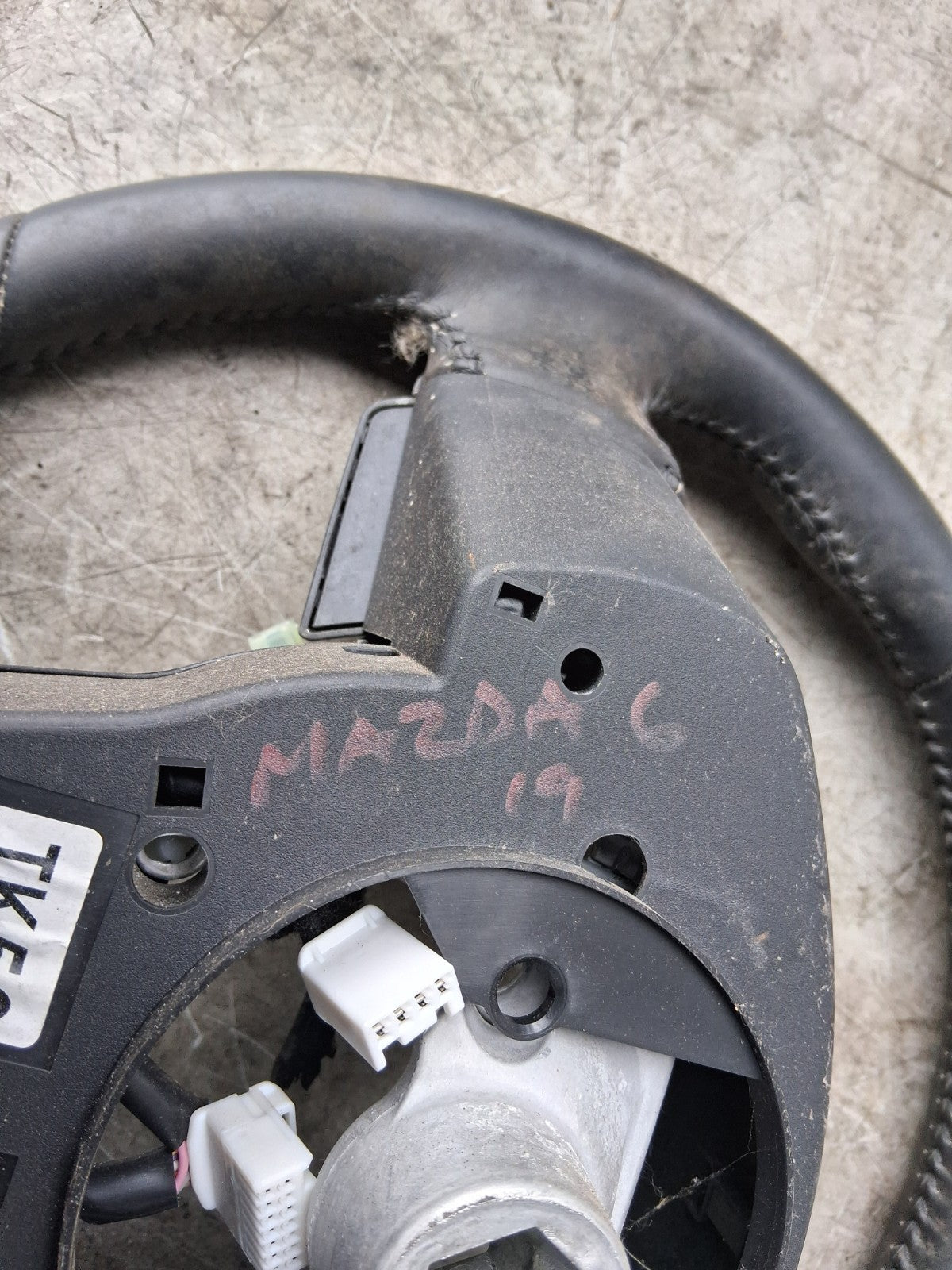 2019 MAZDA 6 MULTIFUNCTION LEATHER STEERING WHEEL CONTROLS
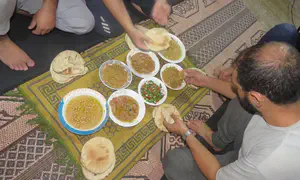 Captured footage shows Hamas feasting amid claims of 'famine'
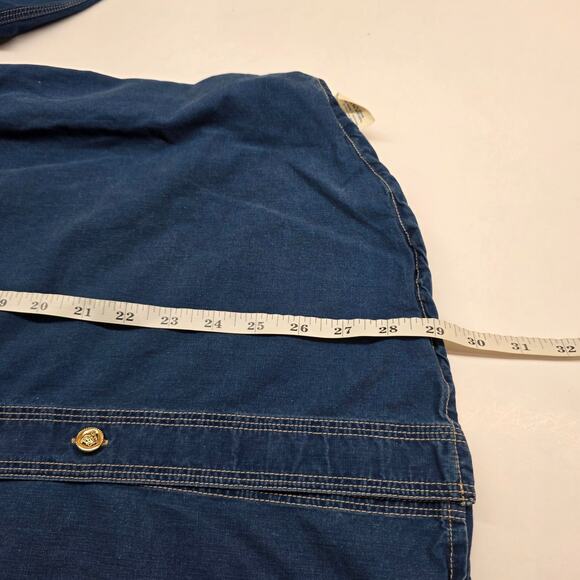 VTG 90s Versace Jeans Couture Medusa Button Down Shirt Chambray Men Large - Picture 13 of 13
-=-=-
WHAT THIS TASK INVOLVES: Restate the data above exactly, stripping out each image.

TASK RESULT:
 2019 MAZDA 6 MULTIFUNCTION LEATHER STEERING WHEEL CONTROLS
 Captured footage shows Hamas feasting amid claims of 'famine'
 VTG 90s Versace Jeans Couture Medusa Button Down Shirt Chambray Men Large - Picture 13 of 13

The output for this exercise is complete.